La paternidad, a la luz de la descripción anterior, asoma como algo bastante
más caótico e intuitivo. Eso, por lo menos, desde mi humilde experiencia de
cuatro años en este “trabajo”.
Creo que sigo buscando una “identidad” paternal, frente a Darío. Y así
como adherí a cierto estilo el primer o segundo año de su vida, hoy busco nueva
maneras de vincularme con él, y adivinar la manera en cómo me ve dentro de
nuestra casa…¿Soy la autoridad, como lo fue mi viejo? ¿Soy el que acoge y la
Andrea es la “policía”? ¿Soy un amigo…un compañero de juegos?
Puede que nuestra presencia y aporte de padres no sean tan visibles ante
la opinión y tradición pública. Pero no es menos cierto que cada vez que se
acerca un nuevo día del padre, caemos en la cuenta de lo especial que es la
relación que hemos establecido con nuestro progenitor; de cómo gran parte de lo
que somos tiene que ver con lo que ellos nos entregaron (muchas veces,
indirectamente) y cómo pasaron para nosotros de ser héroes con grandes poderes,
a personas de carne y hueso, capaces de tomar grandes decisiones.
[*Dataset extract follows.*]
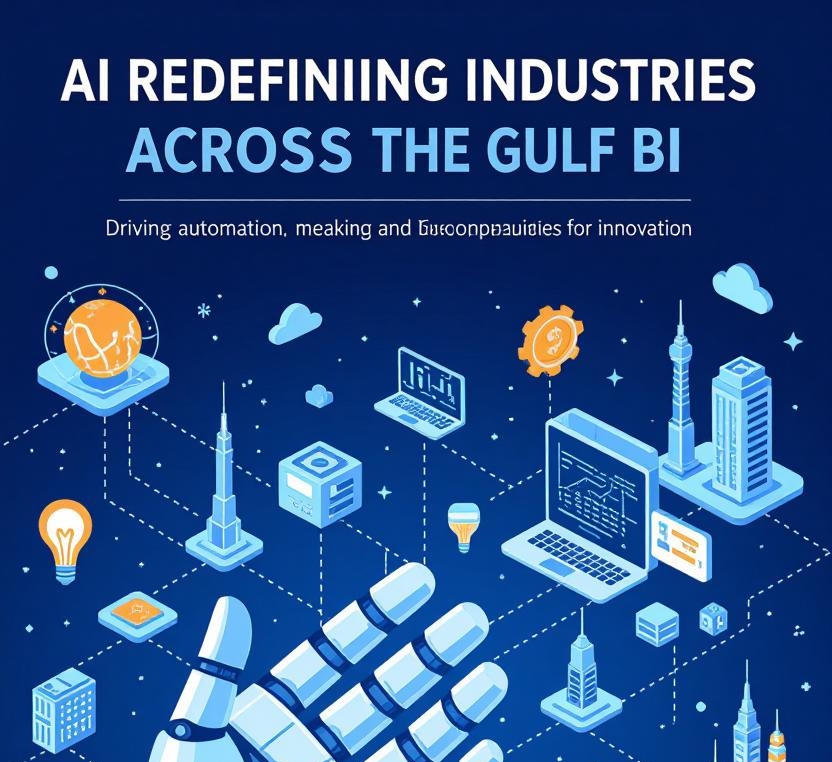 Artificial Intelligence and the Future of Business in the Gulf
Trascendentales
decisiones.
Me cuesta ver muchas cosas que el ojo femenino
logra apreciar milimétricamente. Principalmente, eso que llamamos el ahora…la realidad
tangible. Como papá, estoy más pendiente de soñar, de alucinar con las
posibilidades de aprendizaje que están al alcance de Darío, de visualizar todo
lo que lo está a su alcance, en términos de influencia.
Espero no estarles confundiendo. No es mi idea de
padre pensar en Darío en una vía para satisfacer mis propias ilusiones
truncadas (aunque el ego nos empuje permanentemente hacia ello). En realidad,
me hago cargo de una vieja frase que leí alguna vez, y que me identifica
plenamente en esta búsqueda: la mente de Darío no es un recipiente para llenar,
sino una lámpara para iluminar…
Hoy siento que cambié todas esas ilusiones
iniciales, por una sola ilusión: la de que logre ser una gran persona (bajo su
propio análisis!!) y que en ese camino mi recompensa sea la emoción. ¡Porque
desde que soy esposo y padre, a esa emoción permanente, le llamo “vida”!